Output of dynamo module is the 3d electric potential (phi), which is scattered
back out to non-root tasks by sub mp_updatephi. I just noticed that I should
probably be using non-blocking isend and irecv in mp_updatephi, altho we have
not had problems with it as is...

The calls to prep_dynamo, dynamo, and mp_updatephi are in the calldynamo file,
which is a fragment taken from a driver inside the main time loop. 

Please ignore subs ending in "_dyn0" in dynamo.F -- these are called only if
the model is being run without electrodynamics (i.e., almost never, or for debug only).
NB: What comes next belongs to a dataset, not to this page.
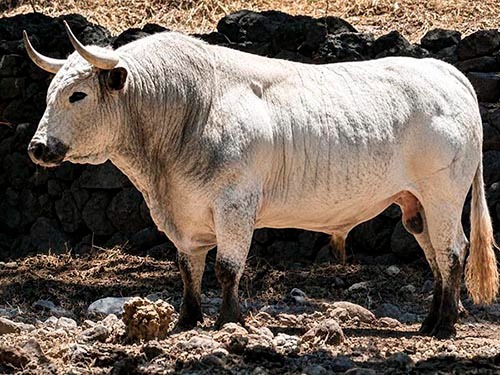 Los toros para la goyesca de Tlaxcala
The simple performance tests were made last spring with the 2.5 deg resolution
TIEGCM for 1-day runs on lightning, bluesky and bluevista. We generally run this 
code with 16 processors.  Recent similiar tests were performed with our larger model
(TIMEGCM), at the same resolution, and it scaled to 48 processors. The dynamo
code is essentially the same in both models, so I think this reflects the fact
that the dynamo is a smaller percentage of the total code of TIMEGCM than of the 
TIEGCM. I chose to give you source from TIEGCM because that's the model described
in Astrid's doc, but the source and method is basically the same in both models.
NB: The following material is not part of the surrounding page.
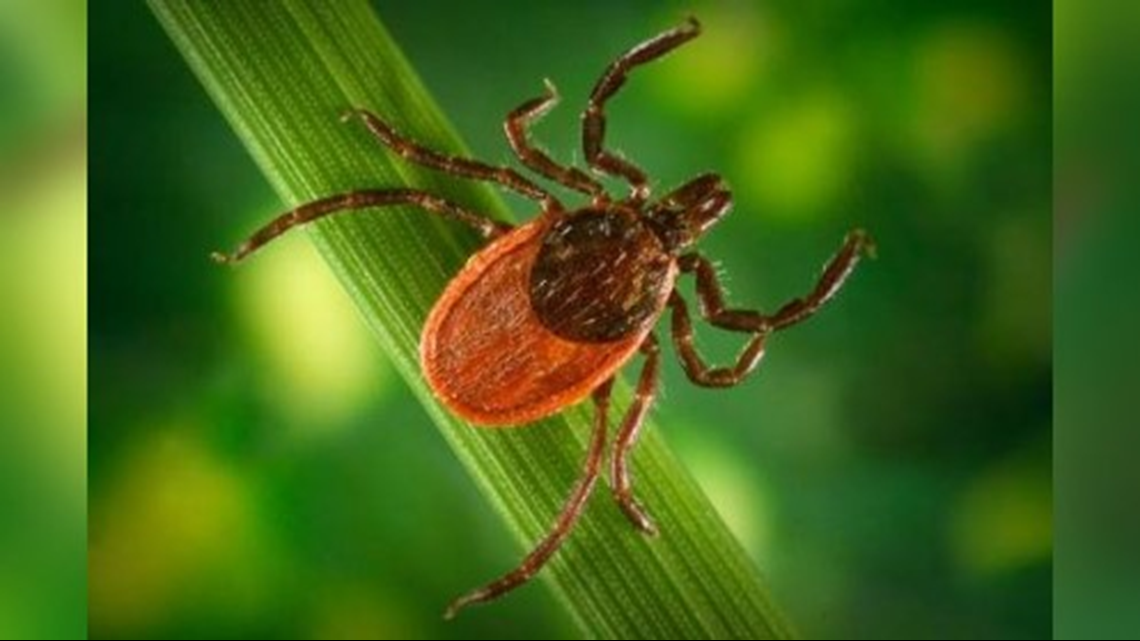 Ticks more prevalent in Washington this year, state says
The entire tiegcm1.8 source can be found in /fis/hao/tgcm/tiegcm1.8/src.

The PDE solver is called by sub dynamo (dynamo.F). The source files are mud.F, 
mudcom.F, and mudmod.F in the above directory.  These are slightly modified versions 
of John Adams' MUDPACK multigrid solver, see 
http://www.cisl.ucar.edu/css/software/mudpack/

The apex coordinate code is called by all mpi tasks only once per run, so I have
not included it here. The source is apex.F and apex_subs.F, also in the above
source code directory. 

I have not done timing in the dynamo itself for a long time, but as I recall, much
of the cpu time is spent doing the field-line integrations (sub fieldline_integrals),
called from sub transf (dynamo.F) from a mag latitude loop labelled "maglat_loop".
It is this loop that I've considered threading with OpenMP as a first step.  As I 
mentioned, I think the field lines are mainly independent of each other, so an option 
might be to decompose into field line "bundles", rather than across the horizontal 
magnetic grid.

I think that's about it. I am cc'ing Astrid Maute (maute@ucar.edu).

Rich, I really appreciate your time and help on this problem. Please let me know
if there is anything else you need right now...maybe after the guys at Parallel
Software Products take a look, if we are still go, I can write up a small code to 
run the dynamo as a stand-alone, without the bulk of the rest of the model.

--Ben